The section on the four flags has described the difficulties faced in ascribing meaning to many Old English word forms. For a conceptually organized lexicon, some meaning must be attached to a form if it is to be included at all, and the vaguer the meaning, the greater the problems confronting the classifier. In addition to this, some concepts are inherently ambiguous and could find more than one home whatever the system of classification. Thus we have the categories 16 Religion and 18.02.07 Music: where do we put Religious Music? In such a case, it is Hobson's choice, and in the TOE those who turn first to Music will be supplied with cross references to appropriate points in Religion. Where the number of words is small, as in the sub-category War trumpet, the group may be repeated, here in both Music under 18.02.07.02.02.02 A trumpet and in Warfare under 13.02.08.01 Battle-horn. Economy must be practised for a printed book, but in a database repetition is less of a luxury. Polysemous words can legitimately be dealt with by placing their senses in as many categories as is necessary, but problems arise if there is a single definition of wide extension or if the boundaries of the senses are not clear cut. One solution is to use a comprehensive defining heading, as in 14.01.06 A rule, order, precept, tenet, principle, which can receive words which cover some or all of this area of meaning. Another is a series of overlapping headings, as in the verbs attached to 11.11.02 A hindrance. Neither solution is ideal, but both the nature of meaning in general, and the nature of Old English meanings in particular, renders a degree of fuzziness inevitable. Where all else fails, we have fallen back on categories like the depressingly large 02.07.11.02 Unidentified plants (alphabetical order).

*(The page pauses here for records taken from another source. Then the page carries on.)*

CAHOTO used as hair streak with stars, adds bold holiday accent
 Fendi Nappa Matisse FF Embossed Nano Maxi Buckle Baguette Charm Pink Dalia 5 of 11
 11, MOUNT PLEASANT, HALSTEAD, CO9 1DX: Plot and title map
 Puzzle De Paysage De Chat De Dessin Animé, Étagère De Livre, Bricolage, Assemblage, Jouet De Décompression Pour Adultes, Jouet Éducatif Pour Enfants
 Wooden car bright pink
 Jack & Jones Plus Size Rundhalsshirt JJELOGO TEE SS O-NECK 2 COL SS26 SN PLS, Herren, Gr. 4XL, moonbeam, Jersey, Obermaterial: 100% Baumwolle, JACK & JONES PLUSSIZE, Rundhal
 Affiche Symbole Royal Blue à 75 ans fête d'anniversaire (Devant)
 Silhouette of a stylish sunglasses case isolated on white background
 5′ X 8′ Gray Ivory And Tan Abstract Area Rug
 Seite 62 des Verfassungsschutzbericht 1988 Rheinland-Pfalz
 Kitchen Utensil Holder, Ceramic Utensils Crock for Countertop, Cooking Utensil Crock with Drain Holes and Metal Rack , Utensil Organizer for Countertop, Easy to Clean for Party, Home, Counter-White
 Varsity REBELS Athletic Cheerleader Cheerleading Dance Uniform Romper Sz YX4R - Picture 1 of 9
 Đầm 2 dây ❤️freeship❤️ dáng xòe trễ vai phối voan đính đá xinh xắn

Compared with a dictionary, any thesaurus is somewhat of a blunt instrument, sacrificing semantic or grammatical specificity to breadth of conceptual coverage. Schemes of classification have no inherent truth, but represent the best attempts of the compilers to present their materials within a coherent and illuminating framework. We hope that we have gone some way to achieving this goal in the TOE, and that it will provide its users with at least some new insights into the vocabulary of Old English and the lives of its speakers, as well as fulfilling its primary function of supplying data for further research.

[1] Christian J. Kay, 'Historical Thesaurus of English: Progress and Plans', Corpora across the Centuries, ed. Merja Kytö, Matti Rissanen and Susan Wright, Amsterdam, 1994, 111-20. See also http://historicalthesaurus.arts.gla.ac.uk/about/ for more information on the HT and its classification.

[2] C. J. Kay and M. L. Samuels, 'Componential Analysis in Semantics: Its Validity and Applications', Transactions of the Philological Society (1975), 49-81.

[3] See Halliday: System and function in language, ed. Gunther Kress, Oxford, 1976, p. 162.

[4] Thomas J. P. Chase, The English Religious Lexis, Texts and Studies in Religion, 37, Queenston, Ontario, 1988.